Sul tema smart working le big tech sono state le prime a prendere posizione. Nel maggio 2020, Twitter ha annunciato ai propri dipendenti la possibilità di continuare a lavorare in smart working anche una volta finita l’emergenza Covid-19.
Facebook ha esteso la possibilità di lavorare da remoto dichiarando di credere che “il modo in cui si lavora conta più di dove lo si fa”. A contrario, Goldman Sachs o ancora Morgan Stanley hanno giudicato il ritorno in presenza indispensabile. Tante altre realtà hanno, invece, scelto una via di mezzo.
Google, per esempio, ha riaperto i propri uffici, stabilendo che il rientro si sarebbe fatto su base volontaria, mentre Amazon ha deciso che il proprio personale sarebbe rientrato in presenza almeno 3 giorni a settimana. In Apple è bastato annunciare il ritorno in presenza per almeno tre giorni alla settimana, per spingere circa 80 lavoratori a firmare una petizione a sostegno dello smart working…
Un dilemma mondiale con opinioni contrastanti
L’argomento è senza dubbio molto dibattuto. Dà luogo a divergenze, può essere anche fonte di rotture culturali, organizzative e manageriali, genera spesso tensioni tra dipendenti e governance, opposizioni nell’opinione con le sue pratiche, i suoi impatti.

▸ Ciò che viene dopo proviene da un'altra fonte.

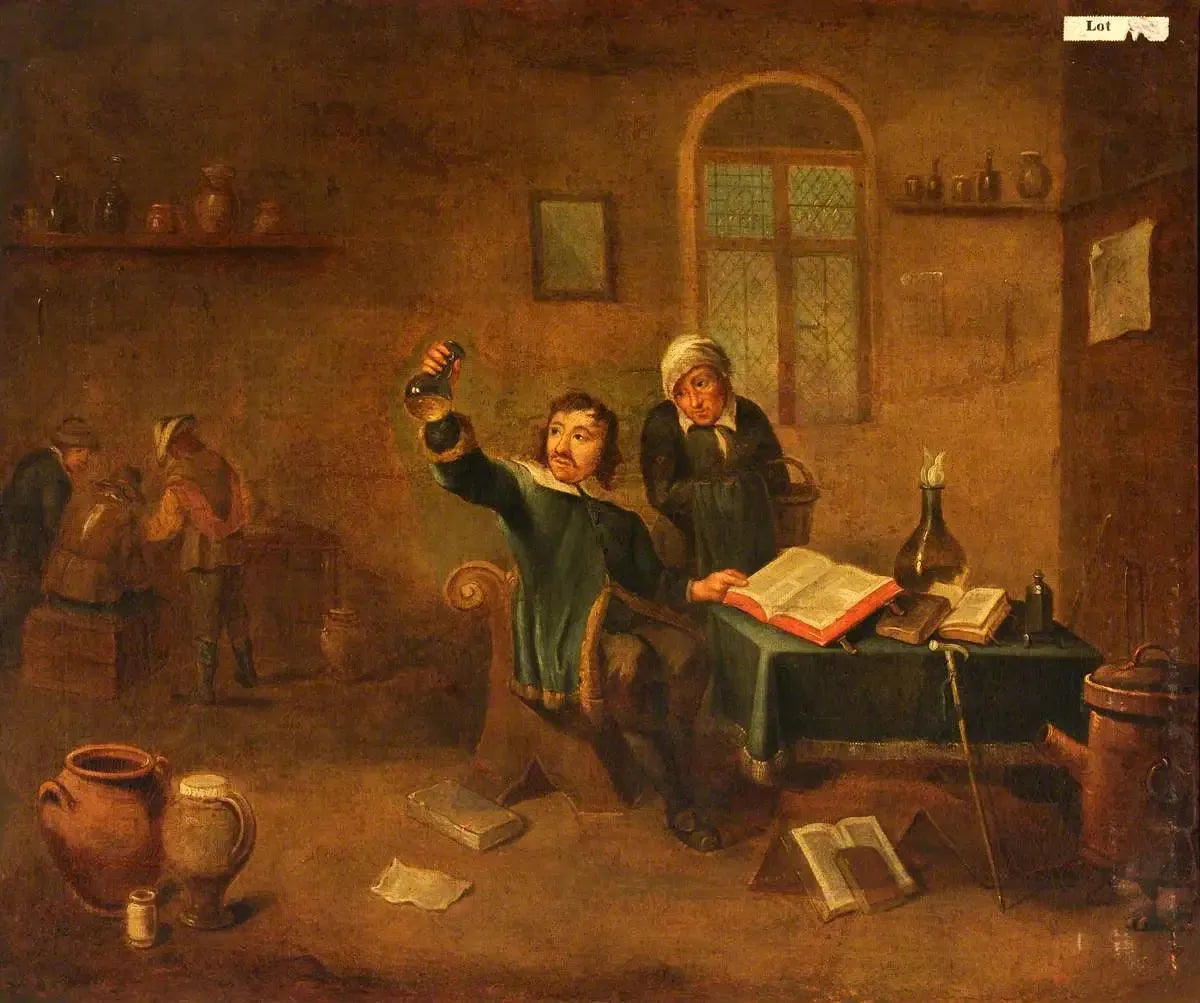 Un médecin examinant une fiole d'urine - David Teniers le Jeune image 1 reproduction artisanale de tableau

Per alcuni, lo smart working è solo un nuovo modo di alienare i lavoratori. Per altri rappresenterebbe una liberazione. Ma lavorare in modalità agile ha davvero senso? Consolidare tale modalità di lavoro dopo la fine dell’emergenza sanitaria è davvero una buona idea?

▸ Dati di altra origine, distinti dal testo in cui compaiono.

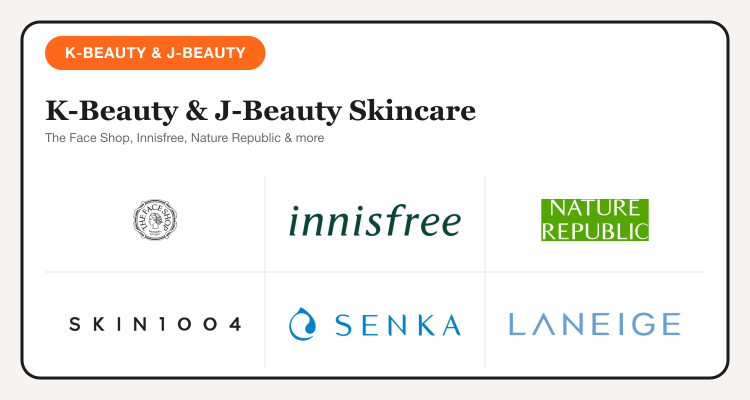 K-beauty and J-beauty skincare brands on TipidNation: The Face Shop, Innisfree, Nature Republic, SKIN1004, Senka, and Laneige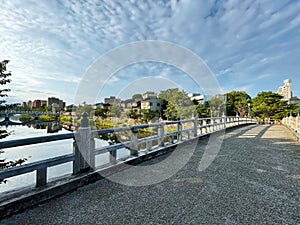 Historical Heritage: Higashi Chaya\'s Authentic Charm and bridge, Kanazawa, Ishikawa, Japan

Tentiamo una riflessione sulla trasformazione del lavoro in atto, uscendo dai luoghi comuni e dal contesto sanitario attuale. Per farlo prendiamo lo spunto dal confronto quotidiano tra noi professionisti e le realtà presso le quali interveniamo. Sappiamo che quello avviato nel contesto pandemico non è il vero smart working ma soprattutto abbiamo capito che lavorare da remoto si può fare. Può funzionare.
Gli studi statistici condotti presso lavoratori in smart working anche prima del contesto attuale sono numerosi*. Ciò che emerge in modo piuttosto ricorrente e nella stragrande maggioranza delle persone interrogate è che adottando una modalità di lavoro agile si guadagna in efficienza.
Prima di tutto per via del tempo guadagnato dai lavoratori, che induce evidenti vantaggi in termini di qualità di vita. Non dovendo più perdere diversi minuti (a volte ore) negli spostamenti quotidiani casa-lavoro, le persone possono investire questo tempo in diversi tipi di attività personali (chi ne approfitta per fare sport, chi per stare di più in famiglia…)** .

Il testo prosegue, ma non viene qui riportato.